A new study by psychologists at the University shows that how trustworthy men are can be seen in their faces.
The study involved inviting men to play a game for money. The game offered players opportunities to trust other participants, but also opportunities to exploit them.
During the game a participant was shown an expressionless photo of a fellow player's face at the start of each game. The participant had then to decide whether to take an immediate pay-off or entrust the money to the person in the snapshot – who, in turn, could decide either to co-operate, and help both players make more money, or take the cash and run.

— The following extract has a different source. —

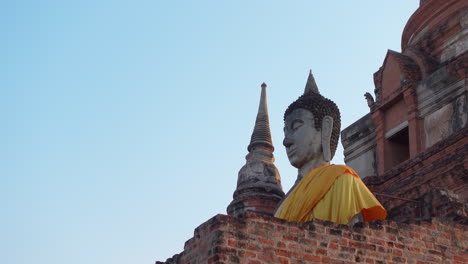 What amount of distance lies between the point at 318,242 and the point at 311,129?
2.90 m

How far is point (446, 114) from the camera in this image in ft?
44.5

Lead researcher Michael Stirrat set up the games to investigate whether he could find any measurable relationship between perceptions of trustworthiness from perceptions and behaviour. He found that participants were more likely to entrust money to men with narrower faces.

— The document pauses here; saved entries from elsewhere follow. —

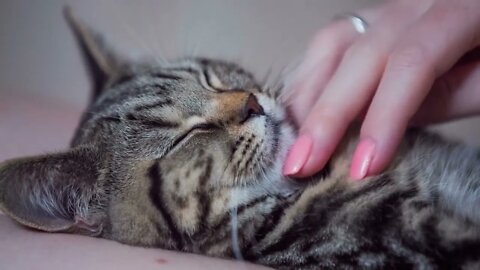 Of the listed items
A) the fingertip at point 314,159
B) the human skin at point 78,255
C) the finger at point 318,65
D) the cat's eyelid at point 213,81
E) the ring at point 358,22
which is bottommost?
the human skin at point 78,255

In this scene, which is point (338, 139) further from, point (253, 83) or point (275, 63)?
point (275, 63)

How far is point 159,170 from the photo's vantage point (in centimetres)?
82

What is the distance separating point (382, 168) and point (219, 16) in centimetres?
98

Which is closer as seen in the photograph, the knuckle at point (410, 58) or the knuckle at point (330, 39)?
the knuckle at point (410, 58)

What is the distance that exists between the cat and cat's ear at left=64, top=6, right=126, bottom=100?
24cm

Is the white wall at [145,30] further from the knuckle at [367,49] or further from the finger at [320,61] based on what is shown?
the knuckle at [367,49]

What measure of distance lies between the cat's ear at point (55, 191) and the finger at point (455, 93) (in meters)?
0.51

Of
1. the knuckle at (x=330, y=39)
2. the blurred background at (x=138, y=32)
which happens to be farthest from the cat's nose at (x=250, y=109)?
the blurred background at (x=138, y=32)

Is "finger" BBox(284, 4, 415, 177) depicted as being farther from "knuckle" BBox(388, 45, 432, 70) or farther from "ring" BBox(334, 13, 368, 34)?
"ring" BBox(334, 13, 368, 34)

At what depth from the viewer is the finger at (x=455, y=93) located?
0.99 metres

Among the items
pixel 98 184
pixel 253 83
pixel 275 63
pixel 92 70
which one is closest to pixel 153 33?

"We all make instant judgements about strangers - whether to trust him or whether to be wary of her. In my research I have been trying to find a basis for these intuitive judgements.
"From the evolutionary theory of sexual selection we predicted that male faces may signal physical dominance and that more dominant men would be more likely to be exploitative because they can be.
"We found that men with wider faces exploited trust more often to make money for themselves."
By this reasoning, you might trust David Tennant but mistrust Simon Cowell.
However, Michael Stirrat concludes with a word of caution:
"The results are important but we shouldn’t leap to the conclusion that wider-faced men are bad. They were exploitative in our games, but in other games the wider faced men were more likely to sacrifice their money to enforce good behaviour. This is ongoing research and it is difficult to draw any big conclusions, but what is true is that wider faced, more robust men have the capacity to choose to be society's criminals or society's police."